→ **What to work on**
Only the last stretch of the records is wanted: restate word for word the line with "3 bedroom apartment to rent - Photo 4" and every line after it.

****************************************

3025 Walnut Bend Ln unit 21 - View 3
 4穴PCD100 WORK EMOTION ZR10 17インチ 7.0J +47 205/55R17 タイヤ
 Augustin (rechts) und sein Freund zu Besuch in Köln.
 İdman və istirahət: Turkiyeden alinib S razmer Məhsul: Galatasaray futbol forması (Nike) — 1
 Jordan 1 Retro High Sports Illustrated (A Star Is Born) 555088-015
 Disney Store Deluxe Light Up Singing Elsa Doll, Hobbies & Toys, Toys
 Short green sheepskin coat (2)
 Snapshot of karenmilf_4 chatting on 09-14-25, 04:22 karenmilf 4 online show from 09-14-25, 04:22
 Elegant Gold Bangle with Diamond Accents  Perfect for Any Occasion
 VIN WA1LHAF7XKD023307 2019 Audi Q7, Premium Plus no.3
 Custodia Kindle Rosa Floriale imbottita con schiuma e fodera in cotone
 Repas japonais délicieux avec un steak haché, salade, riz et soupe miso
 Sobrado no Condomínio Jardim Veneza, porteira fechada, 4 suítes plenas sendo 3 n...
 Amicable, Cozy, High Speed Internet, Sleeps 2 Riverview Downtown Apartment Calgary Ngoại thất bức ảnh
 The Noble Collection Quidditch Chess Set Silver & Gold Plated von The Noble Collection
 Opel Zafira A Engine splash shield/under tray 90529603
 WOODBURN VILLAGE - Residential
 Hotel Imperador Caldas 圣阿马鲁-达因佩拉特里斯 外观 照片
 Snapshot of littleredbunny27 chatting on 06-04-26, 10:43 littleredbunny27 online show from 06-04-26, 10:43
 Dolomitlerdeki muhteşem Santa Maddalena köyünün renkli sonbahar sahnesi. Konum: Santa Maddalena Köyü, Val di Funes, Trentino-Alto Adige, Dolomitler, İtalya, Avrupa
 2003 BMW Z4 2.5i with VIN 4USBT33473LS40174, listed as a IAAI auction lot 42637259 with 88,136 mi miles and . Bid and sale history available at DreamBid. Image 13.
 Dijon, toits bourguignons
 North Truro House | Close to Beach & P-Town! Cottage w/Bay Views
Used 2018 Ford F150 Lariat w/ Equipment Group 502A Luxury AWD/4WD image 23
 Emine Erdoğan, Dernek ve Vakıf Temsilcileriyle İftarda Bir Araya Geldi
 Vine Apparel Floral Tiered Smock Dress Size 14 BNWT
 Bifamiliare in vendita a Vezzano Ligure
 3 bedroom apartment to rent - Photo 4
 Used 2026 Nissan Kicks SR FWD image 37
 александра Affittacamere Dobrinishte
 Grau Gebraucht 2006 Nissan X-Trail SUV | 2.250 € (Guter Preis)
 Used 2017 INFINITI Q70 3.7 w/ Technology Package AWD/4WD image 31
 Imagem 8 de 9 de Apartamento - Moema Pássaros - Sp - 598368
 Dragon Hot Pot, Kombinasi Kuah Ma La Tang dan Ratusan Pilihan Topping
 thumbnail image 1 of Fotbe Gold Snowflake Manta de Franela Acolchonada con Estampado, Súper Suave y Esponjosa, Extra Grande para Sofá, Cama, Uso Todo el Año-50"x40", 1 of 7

****************************************

→ **Task answer**
 3 bedroom apartment to rent - Photo 4
 Used 2026 Nissan Kicks SR FWD image 37
 александра Affittacamere Dobrinishte
 Grau Gebraucht 2006 Nissan X-Trail SUV | 2.250 € (Guter Preis)
 Used 2017 INFINITI Q70 3.7 w/ Technology Package AWD/4WD image 31
 Imagem 8 de 9 de Apartamento - Moema Pássaros - Sp - 598368
 Dragon Hot Pot, Kombinasi Kuah Ma La Tang dan Ratusan Pilihan Topping
 thumbnail image 1 of Fotbe Gold Snowflake Manta de Franela Acolchonada con Estampado, Súper Suave y Esponjosa, Extra Grande para Sofá, Cama, Uso Todo el Año-50"x40", 1 of 7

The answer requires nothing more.